Airbus corruption scandals: truce with UK, US, French authorities
Airbus has confirmed that it has reached a breakthrough in some of the many fraud scandals that the aerospace company has been facing for over a decade now. The European manufacturer said it reached an agreement in principle with French, United Kingdom and the United States authorities, which were investigating suspected bribery, corruption, as well as, in the United States’ case, alleged violations of export controls allegations.
Airbus said it reached preliminary agreements with the French Parquet National Financier, the U.K. Serious Fraud Office and the U.S. authorities on January 28, 2020. Before coming into force, the agreements still have to be approved by French and U.K. courts and a U.S. court and regulator.
“These agreements are made in the context of investigations into allegations of bribery and corruption as well as compliance with the U.S. International Traffic in Arms Regulations,” a statement by the company reads.
Britain’s Serious Fraud Office launched an investigation into Airbus in August 2016, after the company uncovered irregularities in aircraft sales documents and reported itself to the authority.

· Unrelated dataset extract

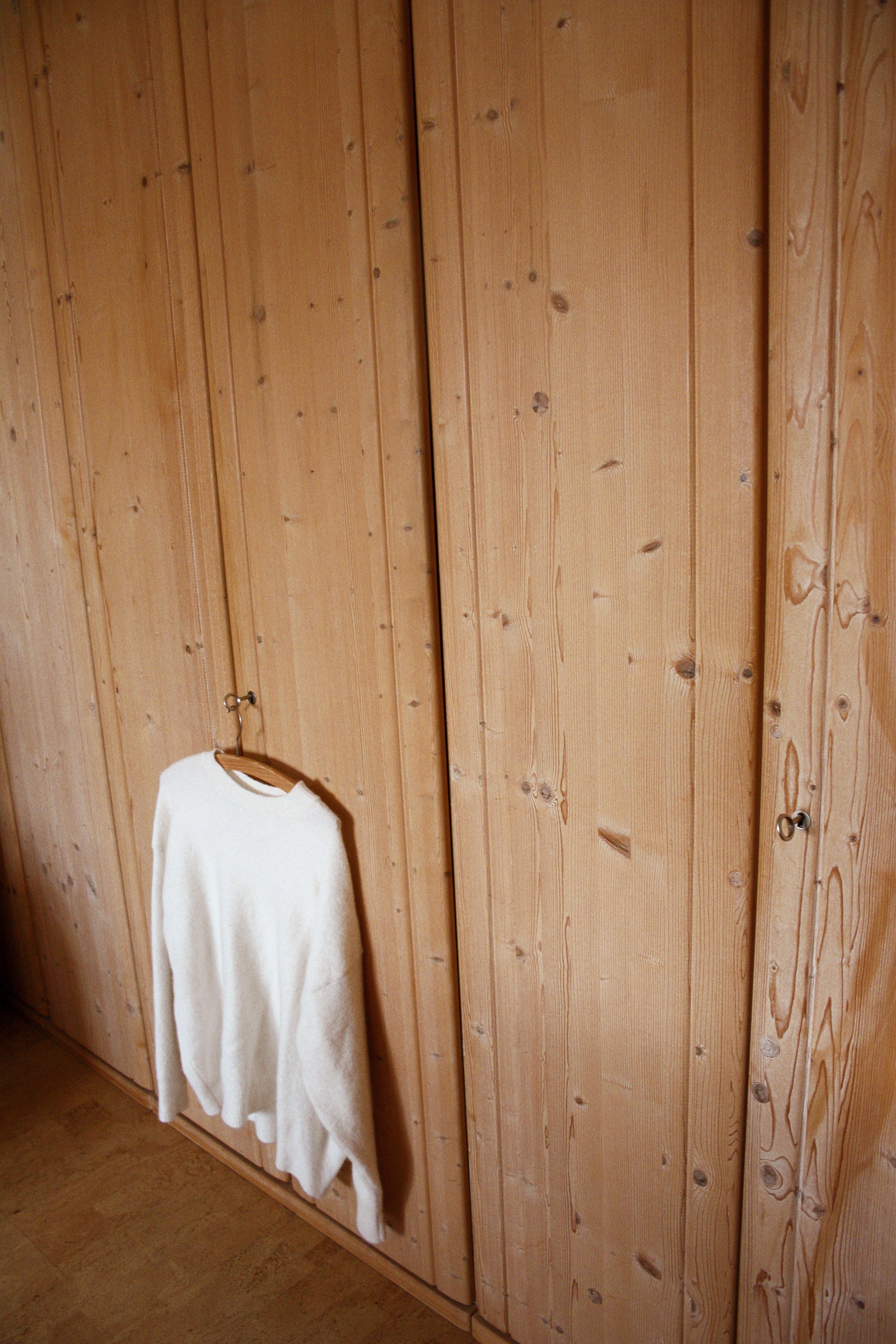 Der Schrank bietet genug #Stauraum für unsere Kleidung. 👕

#livingchallenge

The flawed documents concern the use of intermediaries (the middle man) in airplane sales in the company’s civil aviation branch.
In March 2017, Airbus confirmed that France’s financial prosecutors were also conducting an investigation. In 2018, an investigation by the U.S. authorities followed. In the latter case, the European manufacturer found evidence of possible violations in the reports filled in compliance with U.S. arms export regulations.
Airbus business practices reaching over a decade ago have been investigated by various authorities on both sides of the Atlantic ocean. The European company’s actions, in civil aviation as well as defense business branches, were questioned by French, UK, German, Austrian, U.S. authorities, in some cases involving more than one investigation at the time.
For instance, in early 2018, the company closed a corruption investigation by agreeing to pay up over €81 million in a settlement with German authorities. German prosecutors were investigating the company’s €2 billion worth Eurofighter jets sale to Austria from 2012. The very same deal had previously landed the company in hot water in Austria as well.